The Real Bread Campaign (RBC) is going into schools in a bid to spread knowledge about its definition of ‘real bread’ to the next generation.
Launching on 24 January, RBC has devised a scheme - Bake Your Lawn - to encourage children around Britain to plant wheat in February and March, and to follow its journey from seed to sandwich in their own back garden.
A free to download information pack will be available from www.realbreadcampaign.org. The guide has been designed for teachers and parents to help children of all ages to plant, grow and mill their own wheat, before baking and eating it.
Bake Your Lawn companions, including Big Lottery Fund’s Local Food programme Bakery Bits, The National Trust, Organic Seed Producers, and many RBC members, will work together to make seed wheat available, organise community harvesting, milling and baking days, and encourage members to get involved.

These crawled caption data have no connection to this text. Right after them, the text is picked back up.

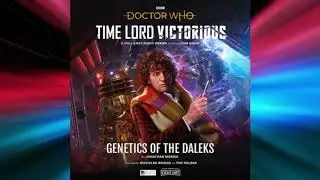 Alternative opening and closing titles of Doctor Who Genetics of the Daleks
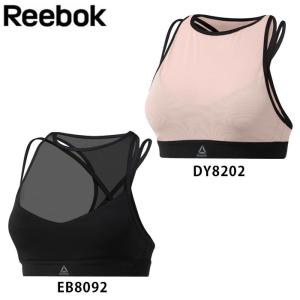 リーボック Reebok レディース ウェア スポーツブラ ブラトップ スポブラ ストラッピーメッシュブラトップ S/M/L FVP31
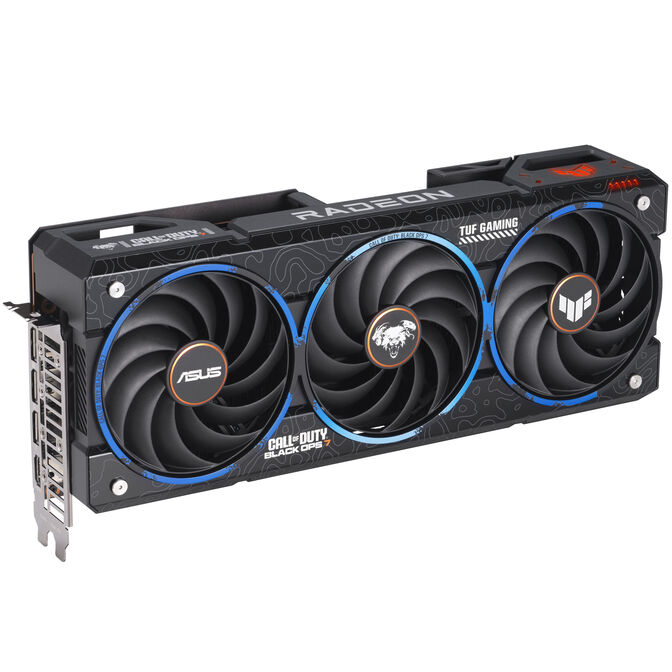 ASUS TUF Gaming Radeon RX 9070 XT COD BO7 Special Edition, 16384 MB GDDR6 image number 6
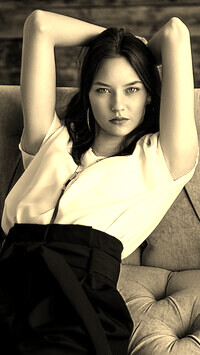 Szary + Sepia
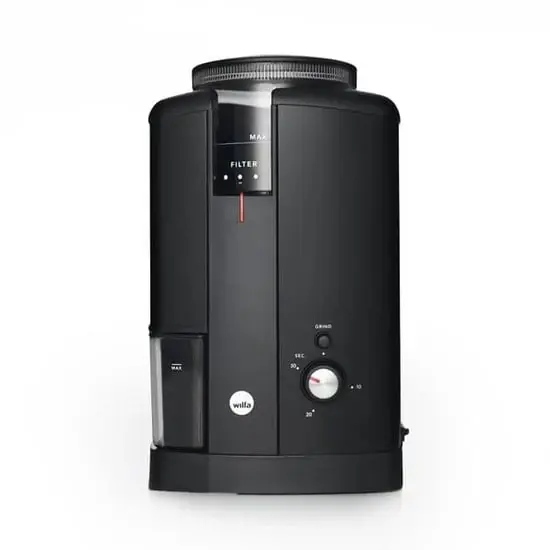 Wilfa - Aroma Conical Gear Coffee Grinder - CGWS-130B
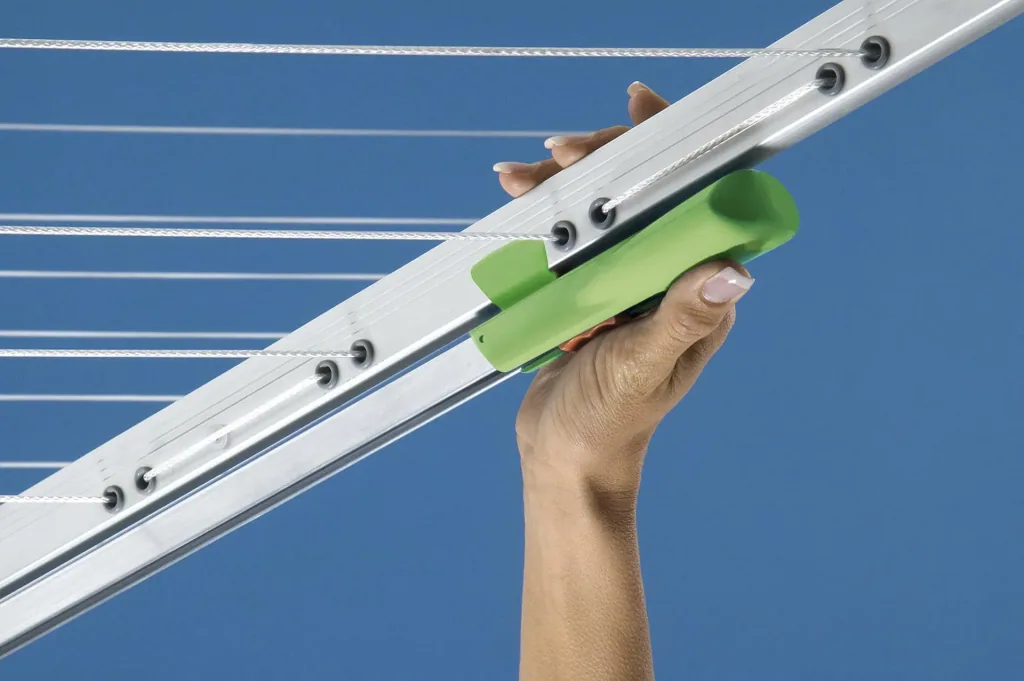 Novaplus 500 Easy rotary clothes dryer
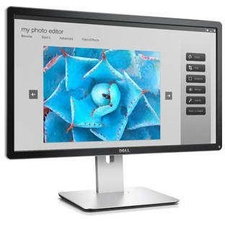 Monitor LED Dell P2415Q, IPS, 23.8 inch, 4K Ultra HD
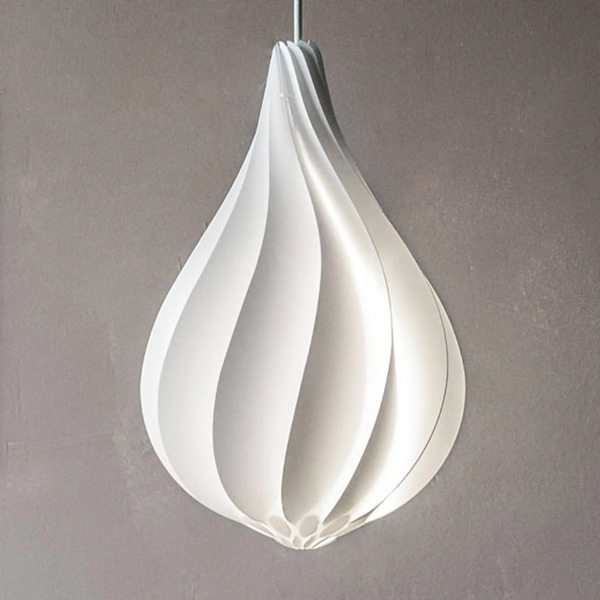  Umage Umage Alva Medium Pendant Light Cord Set White, 42cm 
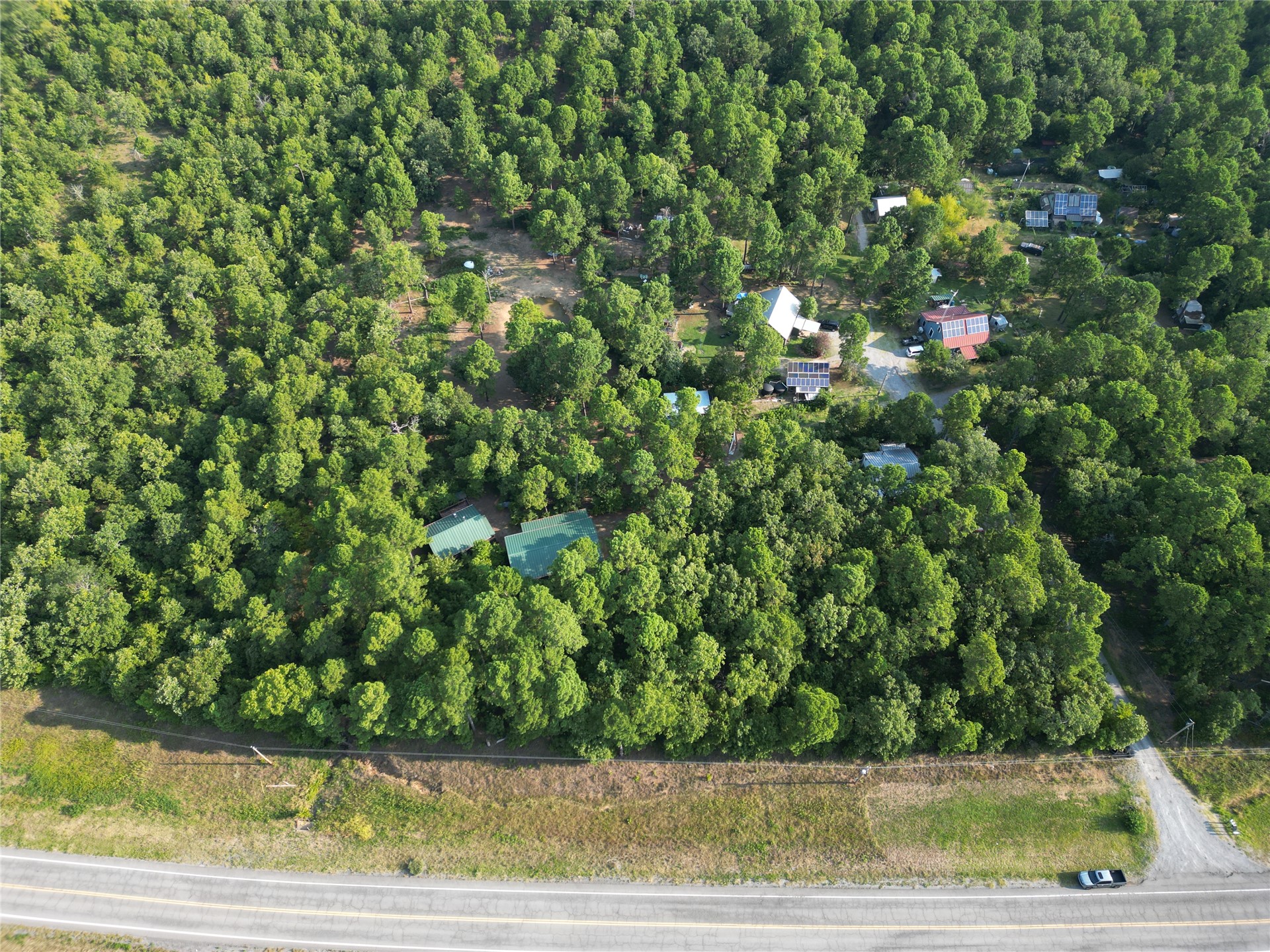 62 SE Highway 1 Wilburton OK 74578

RBC is also launching a national scheme to help pass on breadmaking skills to the next generation, called Lessons in Loaf, where professional bakers will pair up with local primary schools.
Also free to download is a Lessons in Loaf handbook, which contains lesson plans, recipes, information and ideas designed to help teachers get children at Key Stage 2 level thinking and asking questions about the food they eat.
Campaign ambassador Tom Herbert, director of Cotswolds-based Hobbs House Bakery, commented: “I just ran a Lesson in Loaf at my local primary school and it was fantastic to see their faces light up, and their messy hands, to really get what real bread is all about.”
Lynn Harrison, head teacher of Culgaith School in Cumbria, which took part in the pilot phase of the scheme added: “The children had a great time and lots of fun. We now have plans in the spring term to run a community-wide breadmaking day using the children as co-experts.”